Assim Huang Di, herdeiro da indústria do metal, se consolidou como Imperador, unindo a maioria das tribos a viver na parte Norte e Centro do território da actual China, formando o povo Hua Xia, hoje conhecido como Han.
Wang Feng viria a ser designada Yuan Fei ao se casou com Huang Di, a indicar ser a primeira esposa do Imperador Amarelo.

Acompanhava-o sempre nas digressões, aproveitando para divulgar os seus conhecimentos, tanto na produção do bicho-da-seda, como na preparação do fio para tecer. Tal casamento levou a tribo Xi Ling a juntar-se à de Huang Di, servindo de exemplo à integração de outras tribos, criando assim um todo como povo, o Hua Xia, num território cada vez maior e mais próspero, devido à inteligência do governante. Huang Di, considerado como um sábio, governou tão bem que muito tempo houve sem guerras, sendo possível as pessoas dedicarem-se às artes e à criação de utensílios, continuando a preparar os arquétipos para uma sociedade sedentária.

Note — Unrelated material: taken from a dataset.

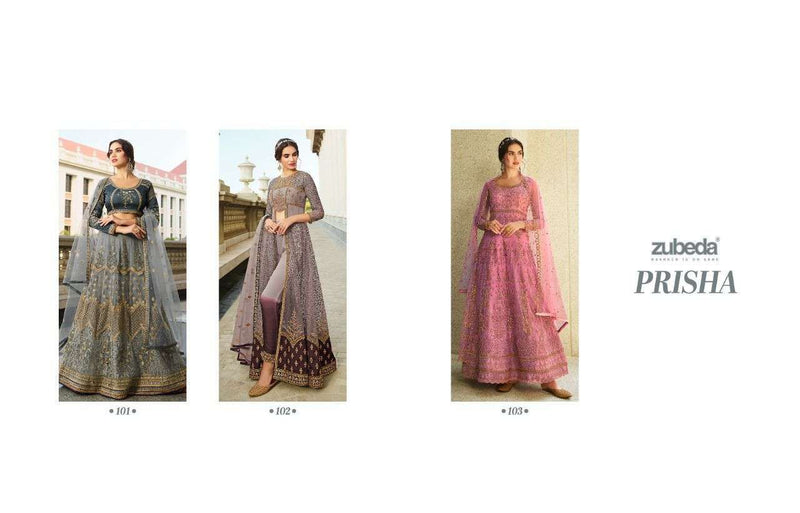 Zubeda Prisha Net With Heavy Beautiful work Stylish Designer Wedding Look Fancy Lehenga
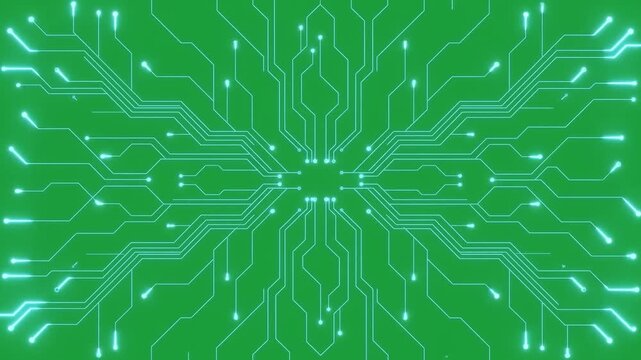 Glowing digital circuit board background futuristic green screen network microprocessor technology electronic data flow connection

Consta ter o Imperador Amarelo mais de cem filhos e com uma grande experiência, no seu reinado fizeram-se inúmeras invenções, tornando a vida quotidiana muito mais fácil. Desde a escrita, [cujos registos eram feito desde o período de Fu Xi por nós em cordas], à construção de casas, carroças e barcos, usando já um instrumento de orientação que mais tarde levou à criação da bússola. Ficou credenciado como ligado ao inventor da Medicina, dos manuscritos, das roupas, da criação do bicho da seda e do tecer a seda. A sua principal esposa foi a primeira pessoa a criar o bicho-da-seda e a desenovelar um casulo, ensinando a transformar o filamento do casulo em fio para fazer roupa e por isso Lei Zu, Deusa da Seda (Can Shen), é apelidada Xian Can, a Iniciadora da Produção de Seda.

Luís Gonzaga Gomes (1907-76) no livro Chinesices, edição do Instituto Cultural de Macau e Leal Senado, 1994, refere-se a Lui-Tch’ôu (nome em cantonense, enquanto em mandarim é chamada Lei Zu): “Data, pois desde então a indústria da seda na China, nascida de um momento de feliz curiosidade da imperatriz Lui-Tch’ôu, enquanto o seu bom e diligente esposo, tendo conseguido a unificação do vasto império, se achava ocupado em rasgá-lo de lés-a-lés com amplas estradas e em construir barcos, para o transporte de mercadorias, entre os vários pontos do país. Havia fartura e felicidade na época da sua sábia governação; por isso, o povo desconhecendo o flagelo da fome, podia entreter-se na fabricação de frautas (flautas), olifantes (trompa curva de marfim), teorbas e alaúdes, todos inventados no seu próspero reinado, que teve lugar há mais de quatro mil e tantos anos”.